* Task: All lines from the one containing "5 people die in Pyuthan bus crash" through the end of the data below are to be repeated exactly, with pictures left out.

* Supplied information:

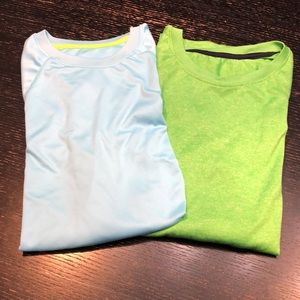 💕2/$14💕 Tek Gear Men’s gym shirt bundle (medium)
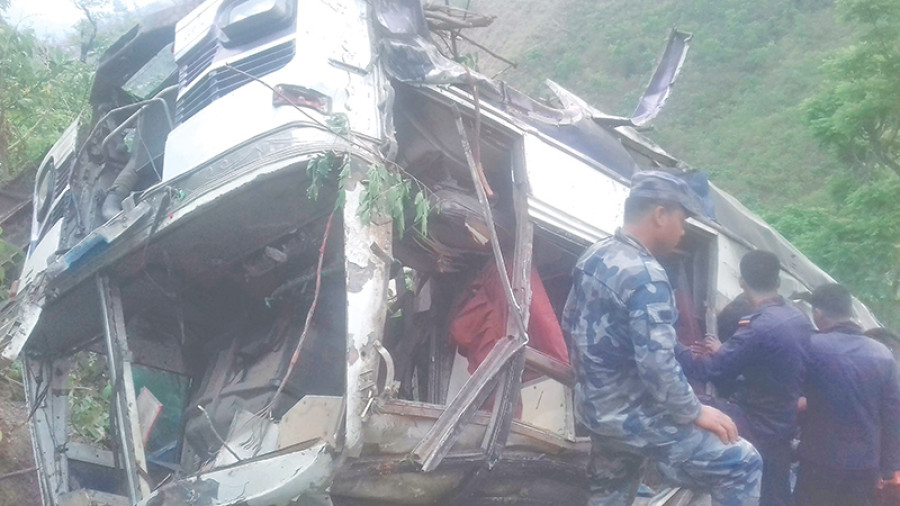 5 people die in Pyuthan bus crash
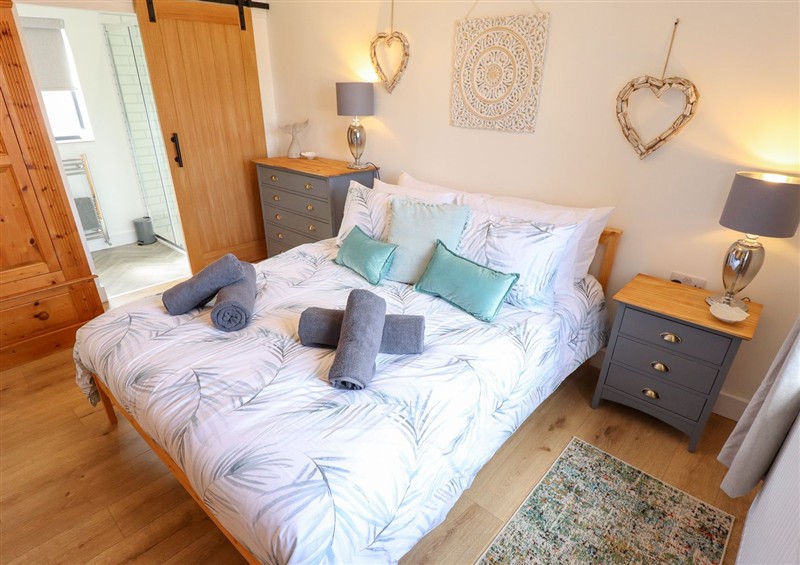One of the 3 bedrooms at Sandy Toes, Sutton-On-Sea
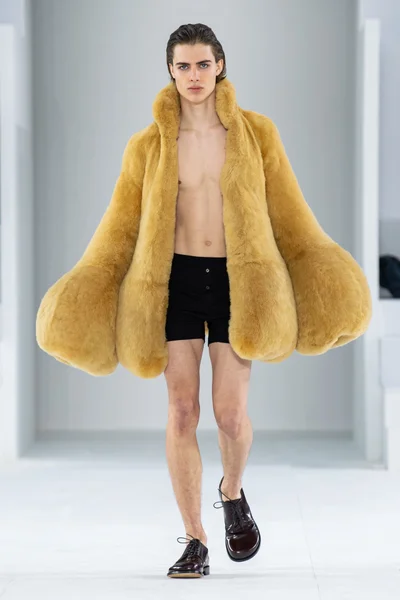 Look 44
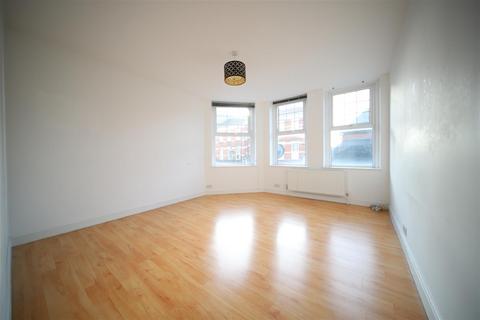 1 bedroom flat to rent, Aldermans Hill, London
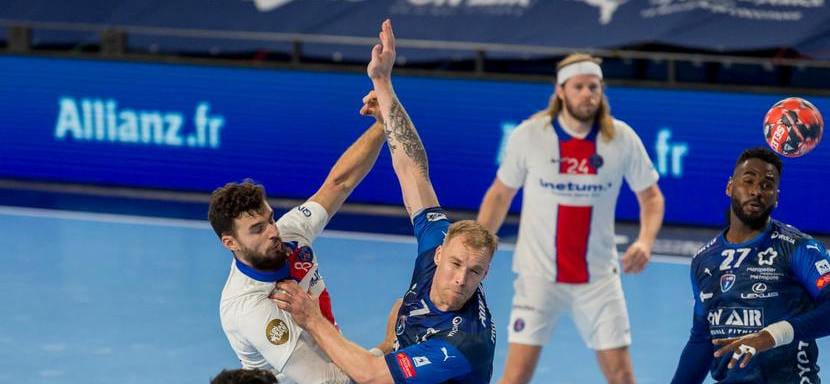 Франция. В следующем сезоне мужской чемпионат может быть расширен до восемнадцати клубов. Вопрос находится на стадии обсуждения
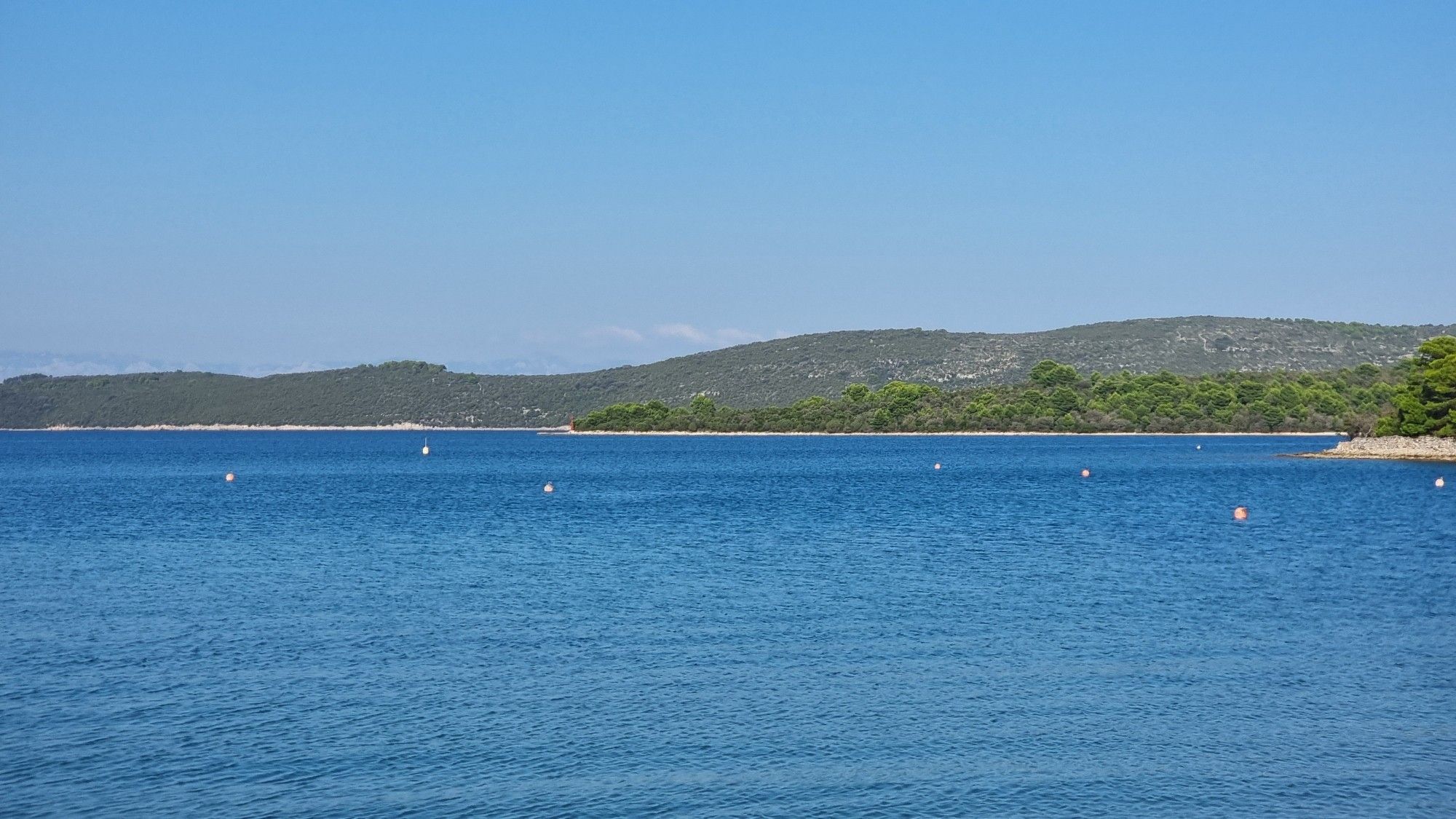 Ausblick auf die Bucht mit blauem Meer.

* Completed task:
 5 people die in Pyuthan bus crash
One of the 3 bedrooms at Sandy Toes, Sutton-On-Sea
 Look 44
 1 bedroom flat to rent, Aldermans Hill, London
 Франция. В следующем сезоне мужской чемпионат может быть расширен до восемнадцати клубов. Вопрос находится на стадии обсуждения
 Ausblick auf die Bucht mit blauem Meer.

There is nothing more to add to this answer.